Dívar, pleno de fe en sí mismo, lejos de predicar el esfuerzo (que determinados magistrados del Supremo cumplieran por fin con el horario laboral), avanzó su solución: diseñar "un ordenamiento jurídico que confíe en los jueces y que elimine tantos garantismos".
No lo precisó, pero todo parece indicar que su idea era limitar tanto a los ciudadanos la posibilidad de recurrir que los asuntos nunca pudieran llegar al alto tribunal. Todo un campeón.
Y, como ya no es novato, no ha vuelto a mencionar lo de los 6.000 millones congelados, ni en la siguiente apertura del año judicial ni en ningún otro sitio o momento que se conozca. Como si se los hubiera tragado la tierra. De modo que tampoco sabemos si, como parece, la cifra ha aumentado o si milagrosamente ha disminuido, aunque si hubiera sido así probablemente alguien se habría colgado la medalla.
El caso es que esta semana el ministro de Justicia, Francisco Caamaño; el secretario de Estado Juan Carlos Campo; el presidente de la Sala de lo Contencioso, José Manuel Sieira; y el propio Dívar han dado una rueda de prensa para colgarse la medalla de que por fin se hace algo. Medallistas olímpicos, porque la medida llega al menos año y medio tarde.

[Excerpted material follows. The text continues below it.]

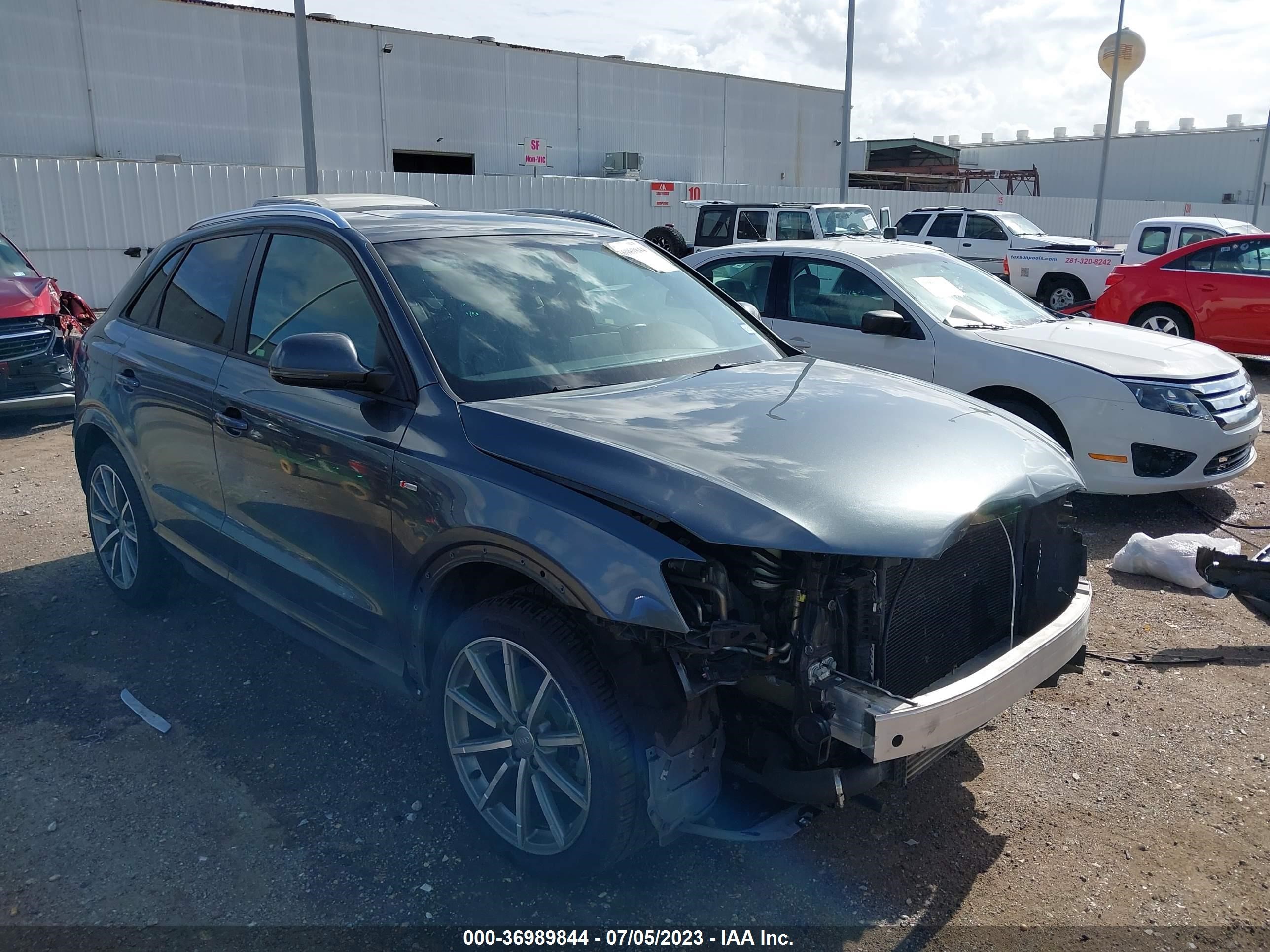 AUDI Q3 2018 wa1bccfs2jr028559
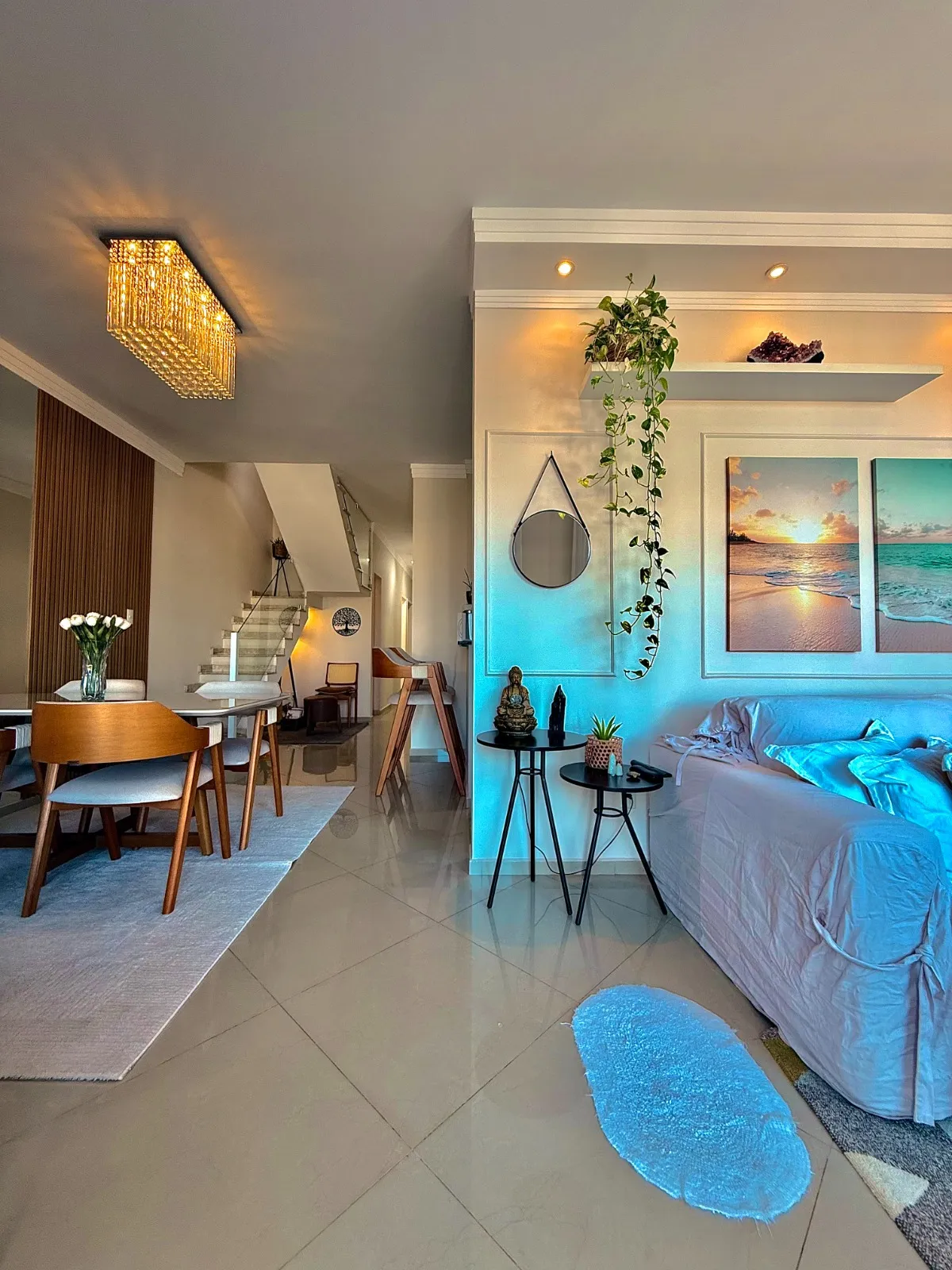 Sobrado à Venda Mobiliado com 3 dormitórios sendo 1 suíte master e área gourmet, 130m² em um terreno de 175m² no Condomínio Golden Park Residence 2 em Sorocaba/SP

Ocurre que el año que viene queremos celebrar el bicentenario de la institución, creada por las Cortes de Cádiz en 1812, y los millones congelados afean los fastos. Así que, para poner la casa al día, se nos ha anunciado un refuerzo de 19 magistrados y nueve letrados en la plantilla del gabinete técnico del Supremo, como apoyo a la Sala Tercera.
Les puede parecer poco, pero el citado gabinete contaba hasta ahora con cuatro magistrados -que no tienen la categoría de magistrados del Supremo- y 29 letrados para sacar adelante el trabajo más pesado.
La Sala de lo Contencioso está integrada por 33 magistrados titulares y tres eméritos. Es más del doble de grande que cualquiera de las otras: la Sala Civil tiene 10 magistrados; la Penal, 15 más cinco eméritos; la Social, 14 más cuatro eméritos; y la Militar, ocho.
En el acto, Dívar señaló que la austeridad es una de las características de la Justicia, pero "no debe confundirse con la pobreza". No deja de ser curioso que lo diga Dívar, que no se caracteriza precisamente por la austeridad en sus viajes a América, acompañado de sus asesores, conocidos en el Consejo como los paquestaníes, porque ¿pa qué están? Y que lo diga en el Supremo, cuyos magistrados ganan bastante más que el presidente del Gobierno. Si lo hubiera dicho de otros juzgados y tribunales, hasta tendría razón.
Algo está cambiando, porque antes las medallas se las ponían por los resultados de algo bien hecho, mientras que ahora basta con el anuncio de que se va a intentar. Como dijo en una ocasión Alexander Pope, uno de los más grandes poetas del siglo XVIII, "bienaventurado el que nada espera, porque nunca sufrirá desengaños".